An article in the Triangle Business Journal (see website below) illustrates a prime example of the importance of seeking federal trademark protection for your trade name (i.e., the name under which you operate your business), and of doing a proper search prior to adopting a trade name, logo, slogan, or another moniker. According to the article, a restaurant chain is being forced to change its name because that name is protected under federal trademark law as a result of registration with the United States Patent and Trademark Office.

This may have been prevented if a trademark search was done prior to choosing a name. By searching through the USPTO database, you can determine if a particular trade name has been given federal protection through registration.
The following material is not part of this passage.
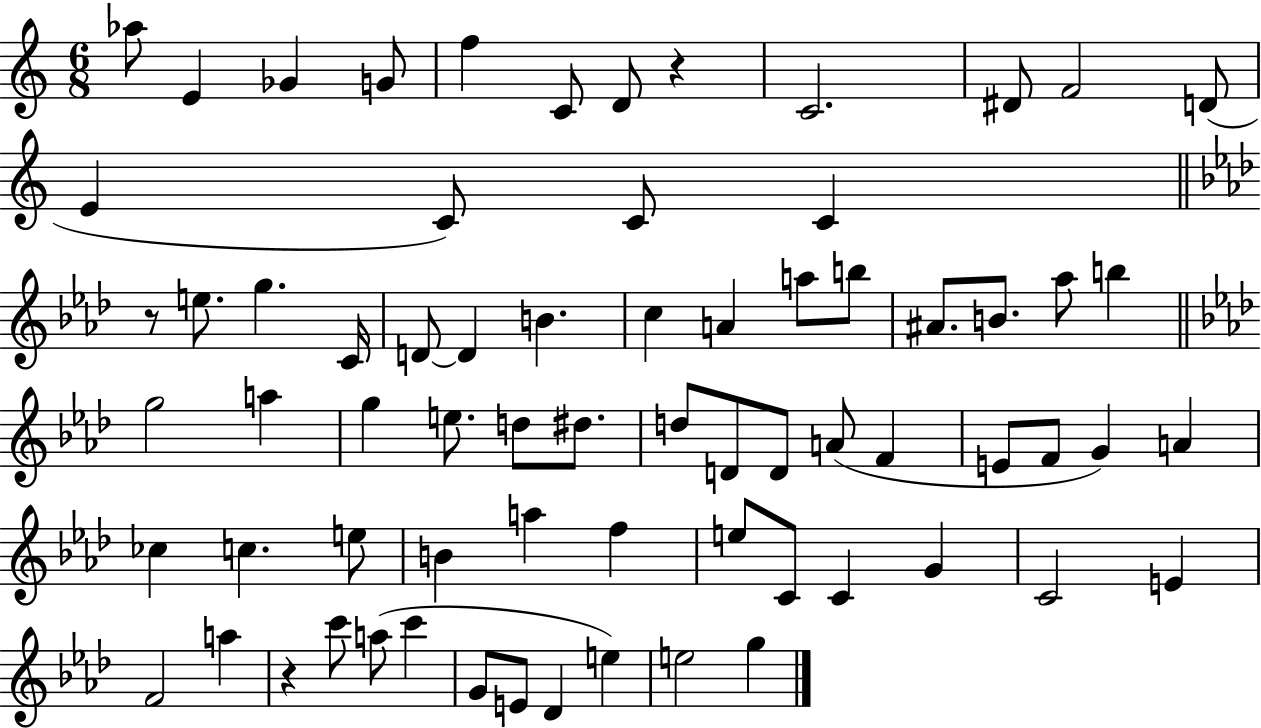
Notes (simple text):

It is always a good idea to do this before choosing your business’s name. And while doing this search is not a guarantee that your name is available for use (there may still be state or common law trademark protection even without federal registration), failure to do so, as shown in this article, can have rather inconvenient consequences, including name change and potential for lawsuit.

Performing a full trademark search is much more complicated than simply typing in a few letters into a search bar and hitting enter. It involves a complex and detailed search and analysis through a wide array of sources. And if you are looking for broader regional coverage or even national coverage, a full trademark search is vital for brand protection. But, even if you are limiting the reach of your business to your home state, a USPTO search (and a search of your state’s trademarks) is the minimum you should do prior to trade name selection. This is separate and apart from any search you do with your state’s Secretary of State regarding availability of corporate or LLC name; just because a name may be available for use as a corporate or LLC name, doesn’t mean you won’t find a cease and desist letter in your mailbox one day.